Work to complete
A word-for-word copy of the data is what's wanted, with no pictures.

Data to examine

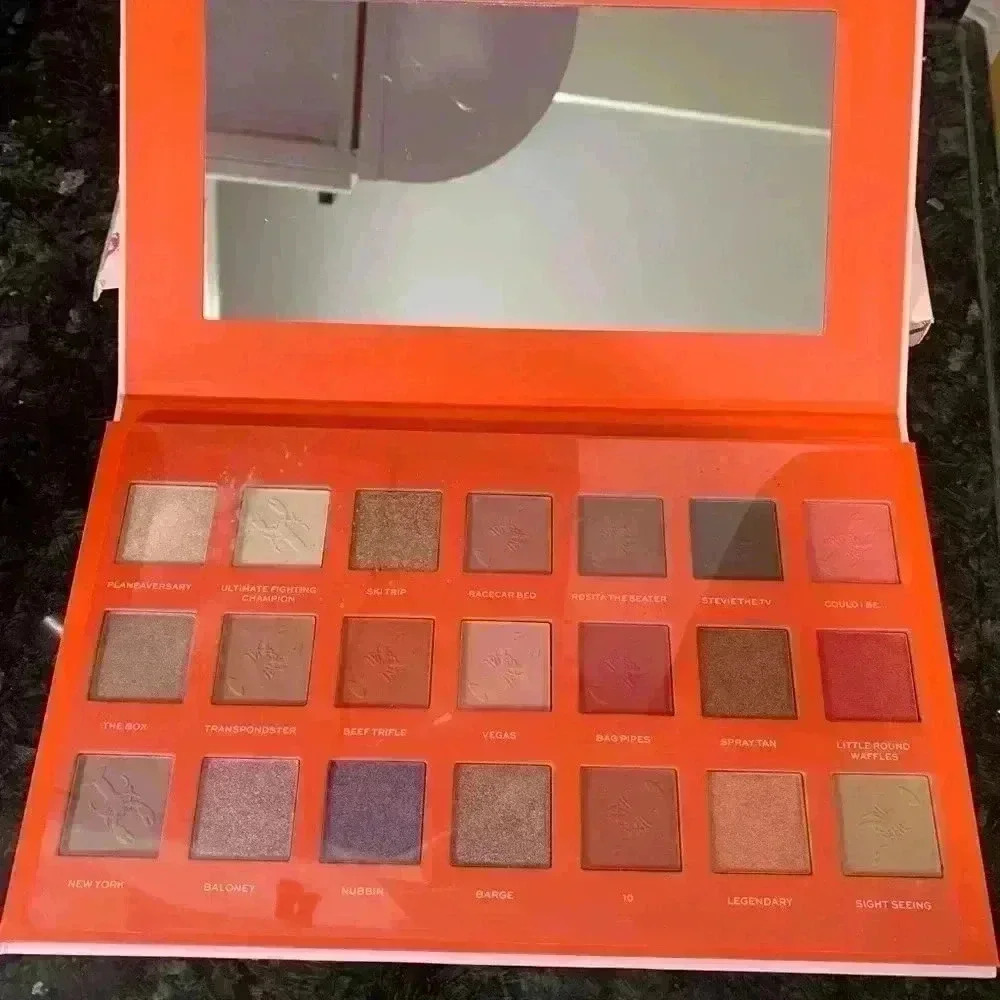 Makeup Revolution X Friends He's Her Lobster Eyeshadow Palette NEW - Picture 2 of 6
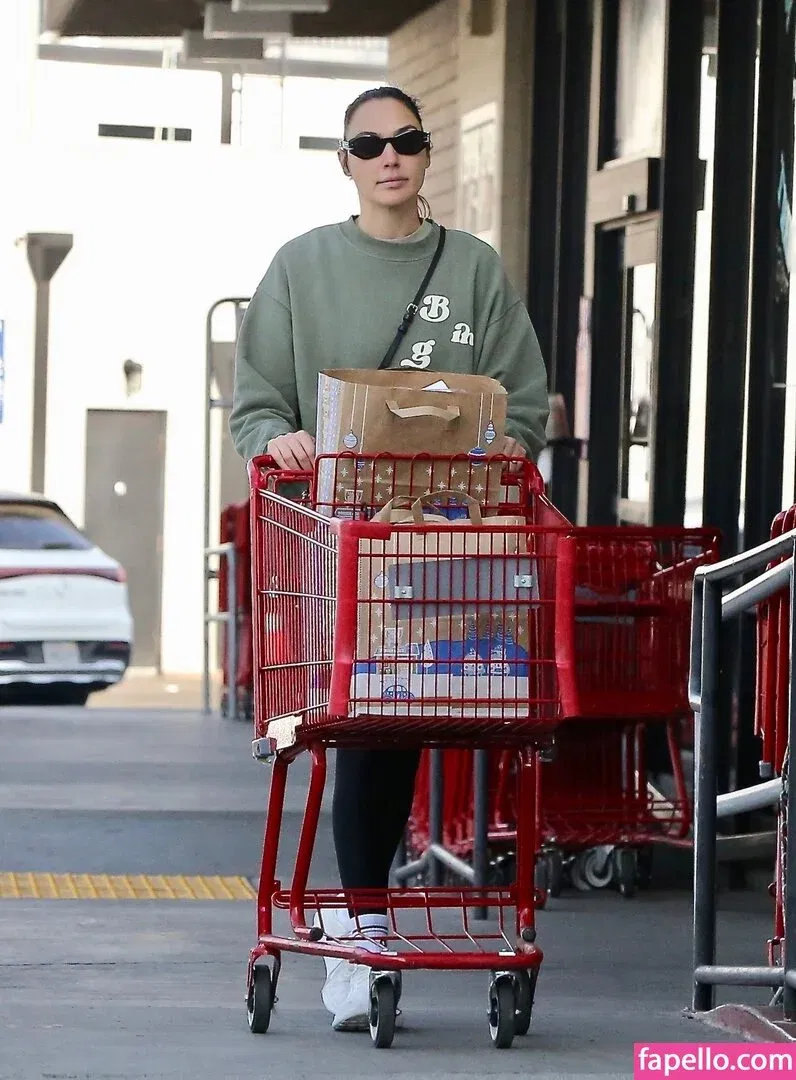 gal_gadot Onlyfans Photo Gallery 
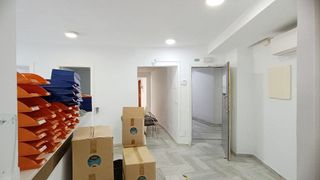 Oficina en alquiler en La Buhaira en Sevilla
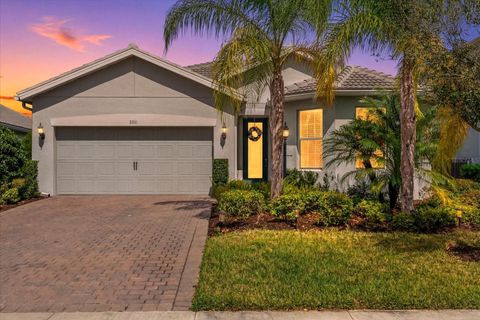 Photo of 3310 Chestertown Loop, Bradenton, FL 34211 (MLS # A4686349)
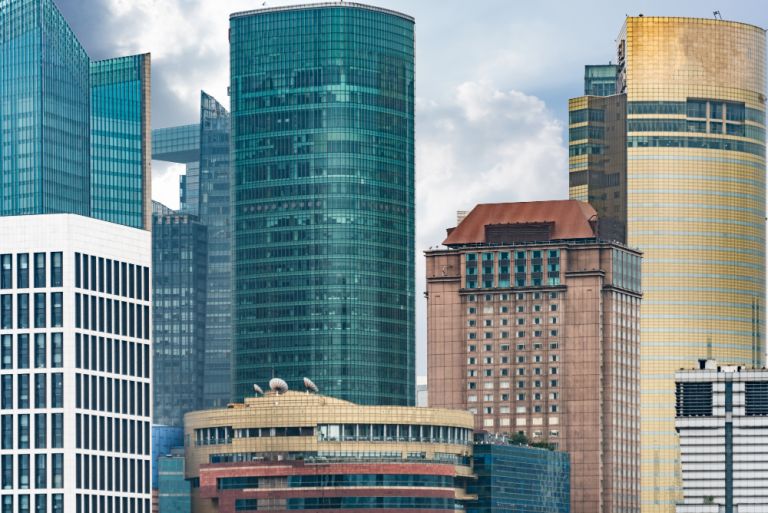 Σαουδική Αραβία: Αναζητά Δάνειο 10 Δισ. Δολαρίων για να Υποστηρίξει το Vision 2030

Result
 Makeup Revolution X Friends He's Her Lobster Eyeshadow Palette NEW - Picture 2 of 6
 gal_gadot Onlyfans Photo Gallery 
 Oficina en alquiler en La Buhaira en Sevilla
 Photo of 3310 Chestertown Loop, Bradenton, FL 34211 (MLS # A4686349)
 Σαουδική Αραβία: Αναζητά Δάνειο 10 Δισ. Δολαρίων για να Υποστηρίξει το Vision 2030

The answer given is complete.